Arrow-right Camera
The Spokesman-Review Newspaper
Spokane, Washington  Est. May 19, 1883

March now fourth wettest on record

A double rainbow is seen from Riverfront Park on Monday, March 27, 2017, in Spokane, Wash. (Tyler Tjomsland / The Spokesman-Review)

With four days to go and rain in the forecast, March has become the fourth wettest on record in Spokane.

The wettest March should be fresh in people’s memories. That came in 2012, another year with high water flows and flooding problems.

The National Weather Service measured 3.55 inches of rain through midday on Monday, which is 2.2 inches above normal.

That compares with the record of 4.56 inches of precipitation in 2012. Records date back to 1881.

This year trails March 1950 at 3.75 inches and 1995 at 3.81 inches, but with more rain on the way this week, those marks could be passed.

The 2017 total for March could go up by another half inch or more, forecasters said.

Flooding continues to be a problem and landslide risk remained high on Monday.

The Spokane River, Lake Coeur d’Alene and the St. Joe River at St. Maries all remained above flood stage on Monday, but the rivers have crested and continue to drop.

The Spokane River fell below 28 feet on the gauge at Spokane on Monday, but was still at the minor flood stage level, creating an attraction for the cascading Spokane Falls.

Lake Coeur d’Alene was at an elevation of 2,133 feet and expected to fall out of flood stage on Tuesday.

The Little Spokane River, which has gone below flood stage, could reach flood stage again on Thursday before dropping back.

Roadways were closed due to landslides and flooding. Pine Springs Road in southwest Spokane County was reopened after large culverts failed.

Greenwood Drive in Spokane and Elder Road in southeast Spokane County were closed due to flooding.

A mudslide seven miles north of Kettle Falls on state Highway 25 has partially blocked the highway. Drivers are being directed onto a single lane in alternating directions.

U.S. Highway 395 still was closed Monday morning northwest of Colville due to water over the roadway.

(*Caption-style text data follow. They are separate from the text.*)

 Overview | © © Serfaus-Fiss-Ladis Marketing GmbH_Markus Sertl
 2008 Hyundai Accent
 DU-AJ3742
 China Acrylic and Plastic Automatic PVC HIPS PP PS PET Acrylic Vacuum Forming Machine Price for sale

State Highway 31 north of Ione and south of Metaline remained closed due to mudslide danger.

National Weather Service forecasters are calling for showers for Tuesday followed by a new storm system on Tuesday night and Wednesday.

Mountain snow levels were hovering about 4,000 in elevation on Monday, allowing ski areas to continue operations.

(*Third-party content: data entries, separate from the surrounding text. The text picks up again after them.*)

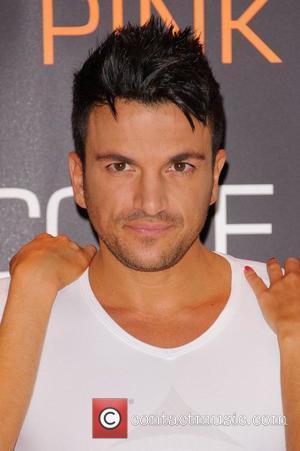 Peter Andre launches the MaxCore Muscle defining TShirt at Studio 8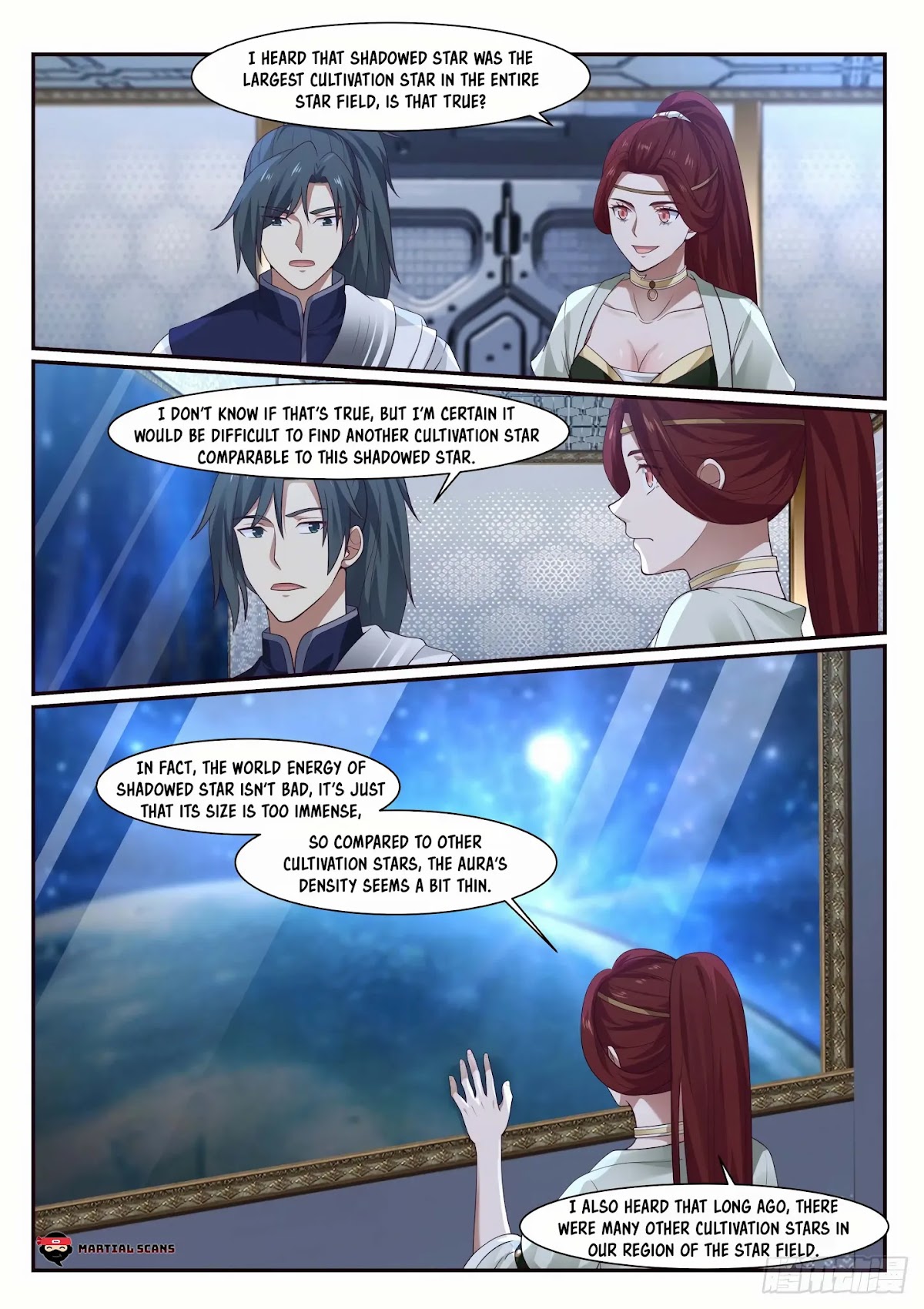Martial Peak Chapter 985 page 8 - Chapter 985: Shadowed Star
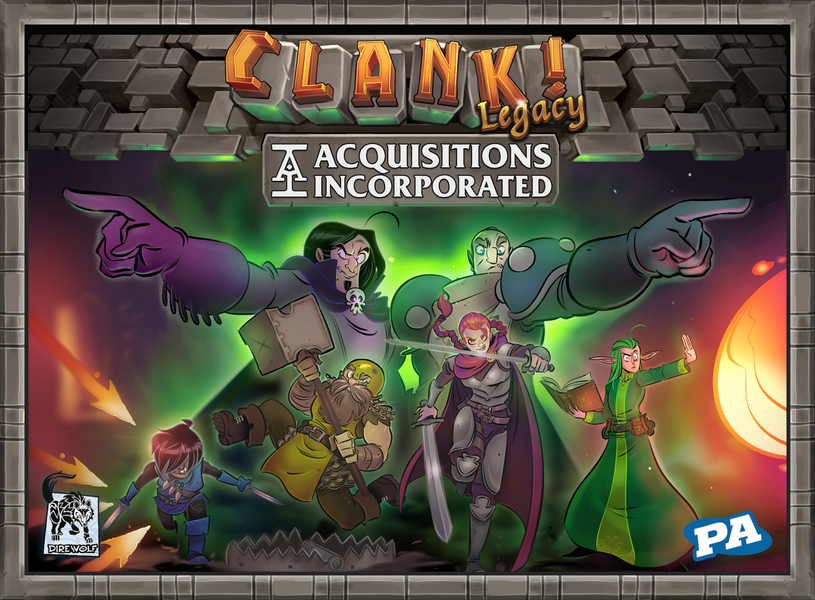 Clank! Legacy: Acquisitions Incorporated Board Games Renegade Games    | Red Claw Gaming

Forecasters said snow levels could fall as low as 3,000 feet Tuesday night.

Snowpack amounts range from 95 to 103 percent of normal in North Idaho and Northeast Washington.

High temperatures this week should be near normal in the lower 50s, with lows running from the mid-30s to lower 40s.

Milder temperatures are likely this weekend, with highs going to the upper 50s on both Saturday and Sunday, forecasters said.